Now consider an investigative reporter who wants to investigate the official and nominally public actions of elected representatives and those who seek to influence those representatives. To do his job, the reporter, like the public official, needs to search across thousands of government databases, albeit for different information. For example, to track the official actions of a member of Congress, including possible inappropriate influences on and beneficiaries of those actions, the list of databases is long, including Congressional campaign contributions, lobbying, gifts, travel, office expenses, correspondence to Federal agencies, floor and committee votes, floor and committee remarks, press releases, bill text and sponsorships, reservations for Capitol Hill meeting rooms on behalf of private organizations, personal finances, regulatory appointments, and employment pre- and post-Congress. Federal agency databases, including agency contracts, awards, permits, leases, and licenses; comments in regulatory proceedings; advisory committee appointments; and various ethics disclosures, may also prove insightful.
The information categories listed above are conceptual, not physical. Physically, they may each be subdivided into many separate databases.
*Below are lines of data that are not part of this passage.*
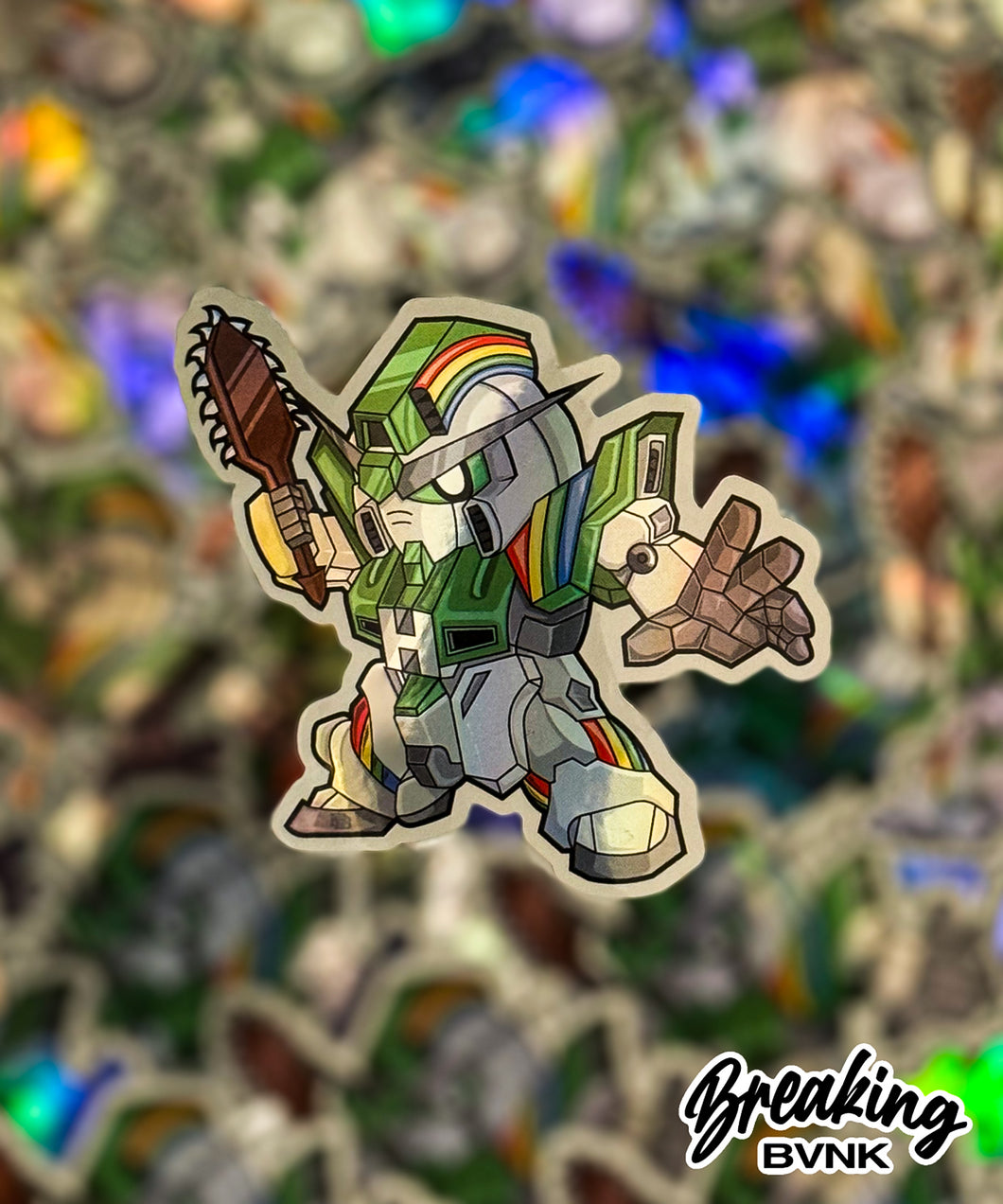 GNDM X BOWS Holographic Stickers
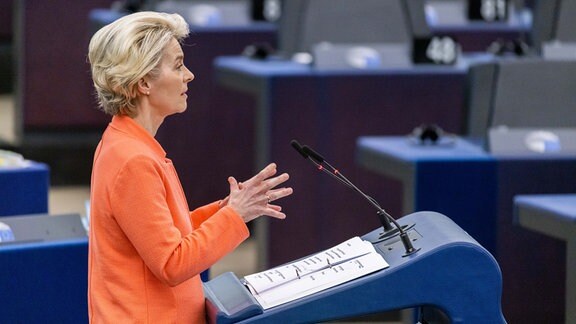 Ursula von der Leyen (CDU), Präsidentin der Europäischen Kommission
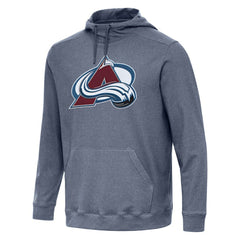 NHL Colorado Avalanche Antigua Cloud Pullover Hoodie - Heather Navy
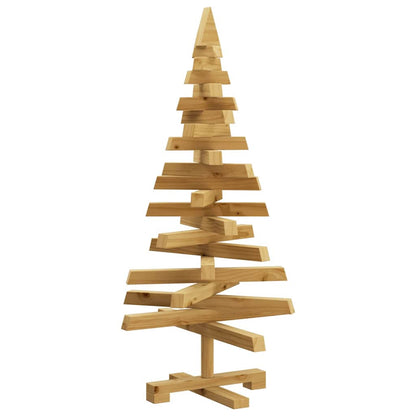 vidaXL Weihnachtsbäume mit Ständer Braun 90 cm Massivholz Kiefer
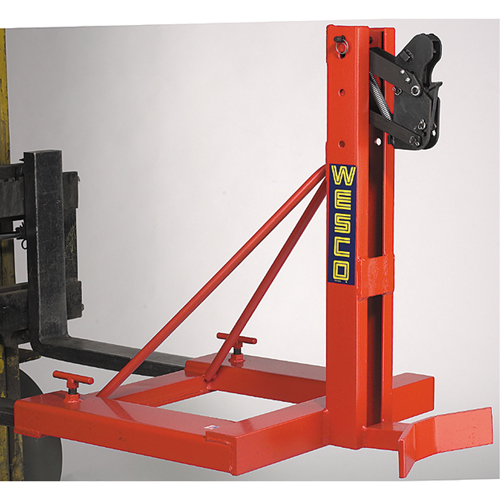 Manipulateurs de baril Gator Grip pour chariot &eacute;l&eacute;vateur, Pour 30 gal. US (25 gal. imp.) / 50 gal. US (41.6 gal. imp.) / 80 gal. US (66.6 gal. imp.) Sécurité Médic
For example, the U.S. House and U.S. Senate keep physically separate records; each of the dozens of Federal agencies keeps its own Congressional correspondence; and licenses/leases to use oil, timber, grazing, spectrum, building, and other public assets are physically scattered across hundreds of different Federal databases.
If an investigative reporter could search government-wide for the names of individual public officials with the same ease that public officials can search for potential terrorists, the reporter would undoubtedly be able to do his job much more efficiently and effectively.
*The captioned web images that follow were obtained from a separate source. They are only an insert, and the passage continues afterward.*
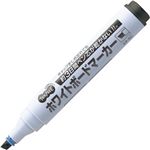（まとめ） TANOSEE ホワイトボードマーカー ノンドライタイプ 太字・角芯 黒 1本 【×40セット】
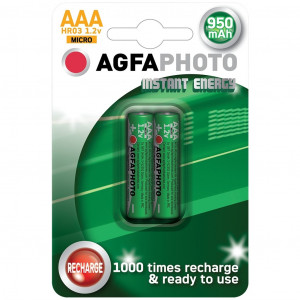 Fujitsu přednabitá baterie AAA, 950mAh, 2ks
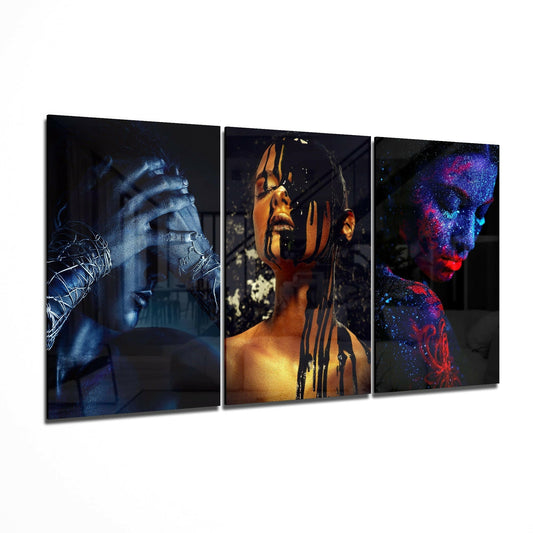 Woman Glass Art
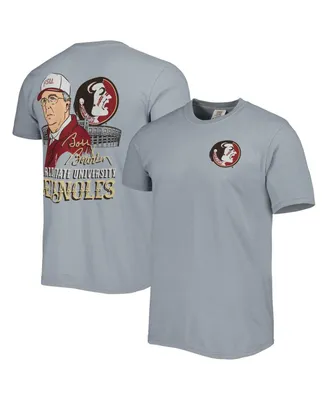 Men's Heather Gray Florida State Seminoles Hyperlocal T-shirt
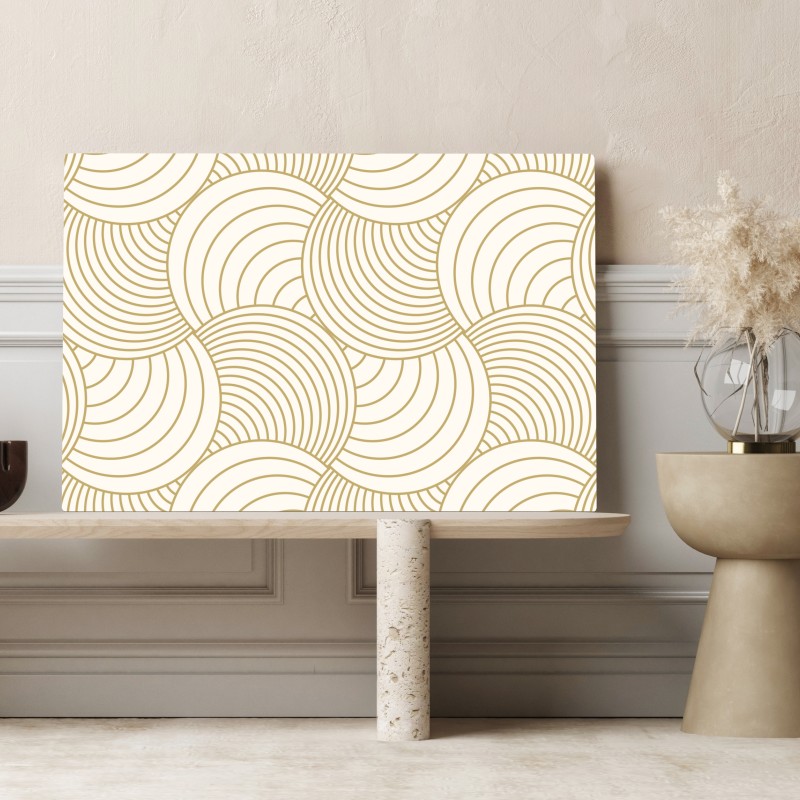 Obraz na płótnie złoty art deco wzór okręgów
The Semantic Web Breakthrough
Emerging so-called “semantic web” technologies make searching across government databases and websites easier than ever before imaginable. A vivid simple example is product ratings. Google created a simple set of product rating metadata (metadata is data about data) for any website to tag its product ratings for easier search. Now anyone who enters a product in a Google search can find all the ratings for that product scattered over the hundreds of millions of websites that Google scans.
Semantic web technologies also promote relationship mapping, as illustrated by Facebook’s social metadata, which makes it possible to track friendships and other types of relationships among individuals. Tracking relationships for democratic accountability is especially important because embarrassing political influence is typically laundered via intermediaries.
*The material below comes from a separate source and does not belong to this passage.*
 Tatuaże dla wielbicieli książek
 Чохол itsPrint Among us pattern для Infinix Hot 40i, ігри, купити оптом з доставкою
If government databases tagged the name of public officials with a unique identifier, the same type of decentralized search and relationship mapping could be used to track the official actions of those officials.
NIEM and UCORE
To a remarkable degree, the Federal government’s National Information Exchange Model (NIEM) already makes feasible highly ambitious government-wide information search. Launched after 9/11 to facilitate government-wide sharing of information about potential terrorists, NIEM has greatly expanded its sphere of sharing in the last few years.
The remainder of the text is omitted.